Centrifugal pumps draw more current when they pump more water. If there is something that is causing it to pump more water (added nozzles, nozzle of the pipe allowing more flow) or an impeller on a plastic pump that is dragging, it will cause more current to be drawn.
 
swimming pool prt 2

swimming pool prt 2

LarryFine said:
Try this as a temporary experiment:

Replace the GFCI breaker with a standard one, and wire in a GFCI breaker (the same one would be even more telling) in a small 2-ckt enclosure at the motor.

Even easier, or first, use a clamp-on ammeter at the breaker and see if the current is higher than it should be. The odd are that it's moisture infiltration, though.
Mr. Fine , you're living up to your name.Checked out this call on Friday 9/19-diagnosis-small nick in the conductor insulation with a side of moisture infiltration.The motor was rated 2 hp. 15 amp 115 volts. Voltage drop was no issue, at the motor I had 120 volts. Amperage was consistently around 13.5 amps. Originally I suspected the gfi breaker , and replaced it with a regular 20 amp for test purposes- it held all day long. Not enough to trip a regular breaker, but enough current bled off to trip a gfi.Thanks for the insight.:smile:
 
I megohm meter would have found this in about 2 minutes flat. Pool pumps, fountain pumps, and pumps of any sort; break out the megger.
 
mdshunk said:
I megohm meter would have found this in about 2 minutes flat. Pool pumps, fountain pumps, and pumps of any sort; break out the megger.
Thanks for the advice.Is my understanding of what a megger does correct? Doesn't it induce a small voltage into a conductor to determine its integrity? Can you recommend a good one that won't break the bank, since i'll probably run into this situation again?
 
bob j said:
Thanks for the advice.Is my understanding of what a megger does correct? Doesn't it induce a small voltage into a conductor to determine its integrity? Can you recommend a good one that won't break the bank, since i'll probably run into this situation again?
Actually, it pushes a pretty big voltage. Check neutral to ground and hot to ground (or each hot to ground, if 240). Chances are that would have showed something right away, and saved you hours of troubleshooting.

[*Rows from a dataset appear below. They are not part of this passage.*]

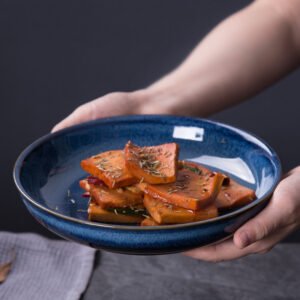 Artisanal Blue Glazed Ceramic Plate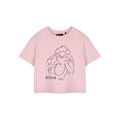 Pink - Front - Lilo & Stitch Womens-Ladies Linear Short-Sleeved Crop Top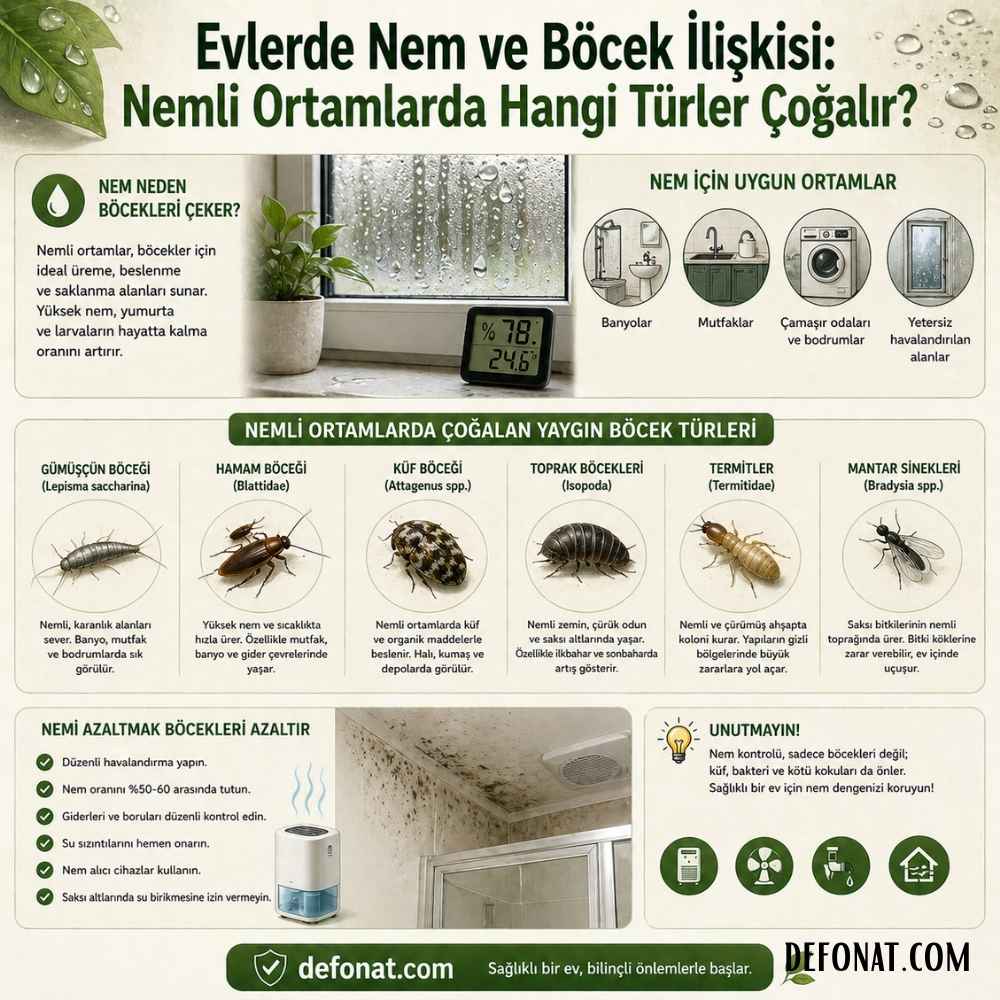 Evlerde Nem ve Böcek İlişkisi: Nemli Ortamlarda Hangi Türler Çoğalır?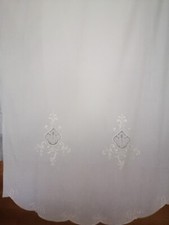 TENDA A PANNELLO RICAMATA IN MISTO LINO COLORE NATURALE. PRODOTTO IN ITALIA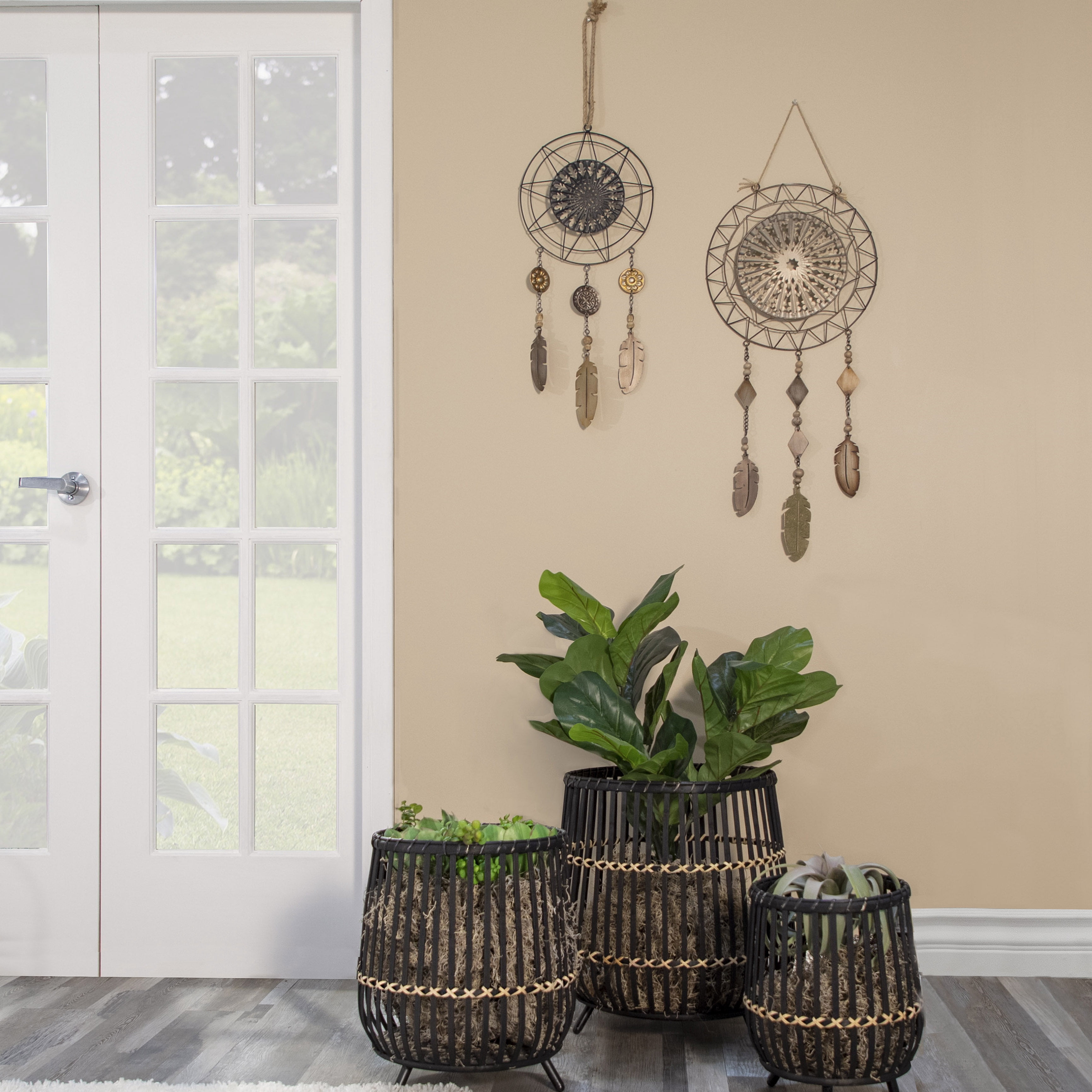 Short Bamboo Footed Planters for Home Decor - Decorative Indoor Plant Pots, Outdoor Planters, and Flower Pots - Modern Wood Plant Stand for Garden and Patio Decor - Set of 3, 19", 17", 13" Black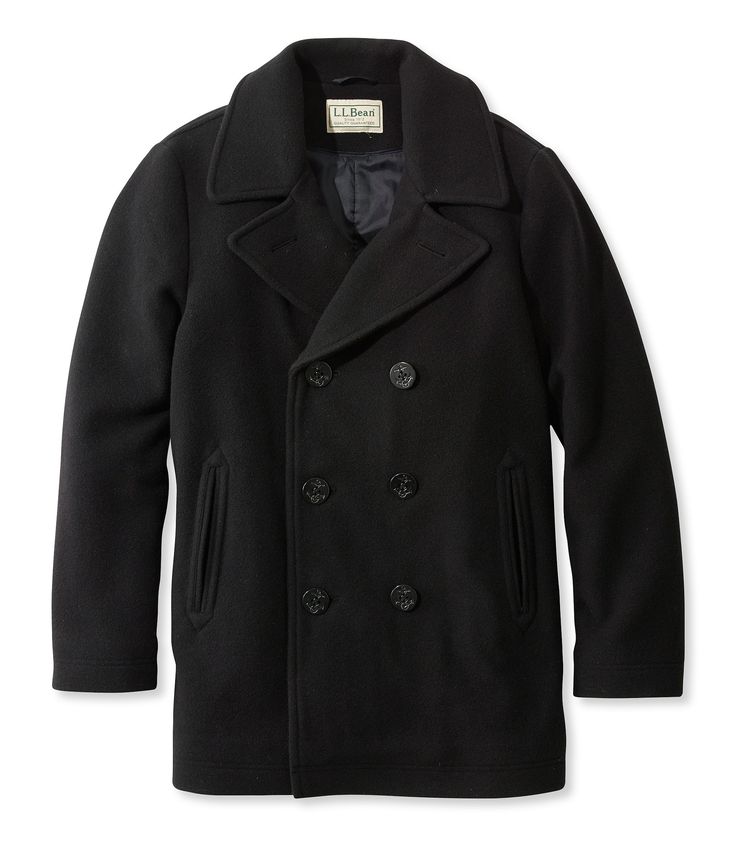 Made of 100% Italian wool in a sturdy, classic design our peacoat keeps you warm while looking sharp at the same time. Slightly Fitted. Best with midweight layer. Falls below hip. 100% wool. Lining: 100% polyester. Dry clean. Fabric woven in Italy exclusively for L.L.Bean. ThinsulateTM Insulation provides added warmth on chilly days. Crafted in a finely tailored fit, with plenty of room for layering comfortably. Imported. Wool Coat L.l.bean, Double-breasted Pea Coat For Fall, Double-breasted Pea Coat For Cold Weather, Double-breasted Pea Coat For Cold Weather In Fall, Winter Double-breasted Pea Coat, Double-breasted Winter Pea Coat, Casual Double-breasted Pea Coat For Winter, Long-sleeved Peacoat With Double Button Closure, Solid Double-breasted Winter Pea Coat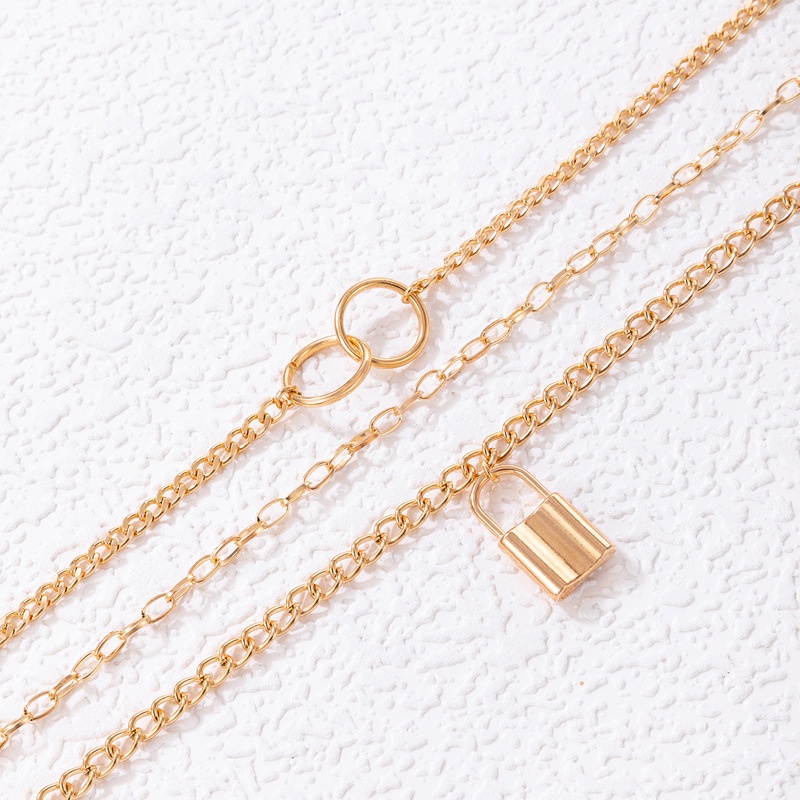 2022 Kalung Rantai alloy Tiga Lapis Dengan Liontin Gembok Geometris Untuk Wanita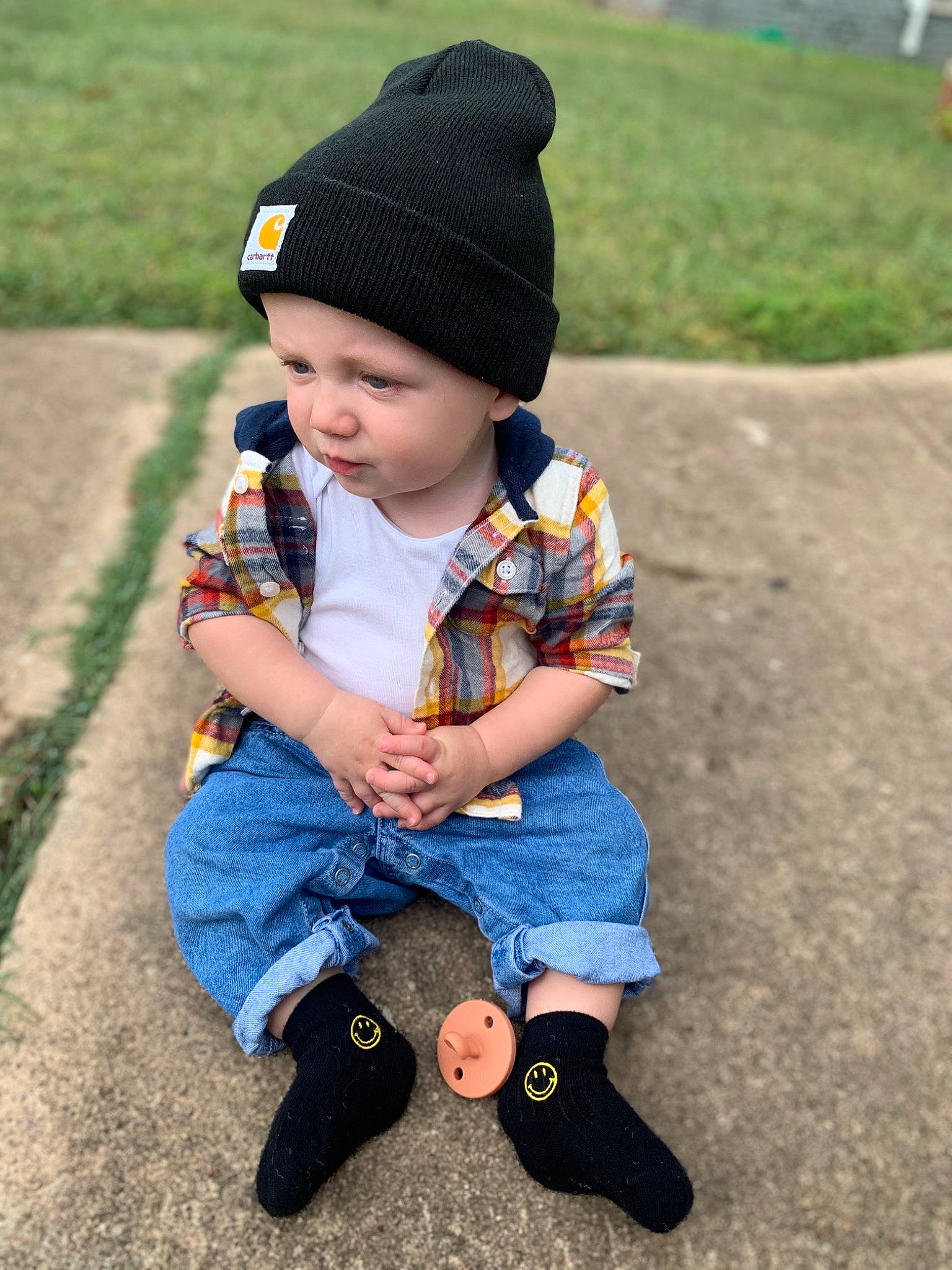 Sailor joined the competition — help win amazing prizes! baby, baby_toddler_clothing, cap, child, electric_blue, face, fun, grass, happy, head, headwear, leisure, pattern, people_in_nature, person, play, recreation, sitting, skin, sleeve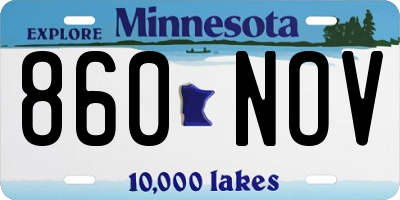 MN license plate 860NOV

I guess I've been recommending the Supco M-500 and the Extech 380260 for dirt simple, cheap megohm meters for troubleshooting type testing. They each around 100 bucks.
 
mdshunk said:
Actually, it pushes a pretty big voltage. Check neutral to ground and hot to ground (or each hot to ground, if 240). Chances are that would have showed something right away, and saved you hours of troubleshooting.

I guess I've been recommending the Supco M-500 and the Extech 380260 for dirt simple, cheap megohm meters for troubleshooting type testing. They each around 100 bucks.


Hey Marc, I have the 380260, and was wondering what readings would be questionable or 'no go' on say a wire or a motor windong? All the wire pulls I have done go to infinity, but would like to know when I should classify something as not good any more.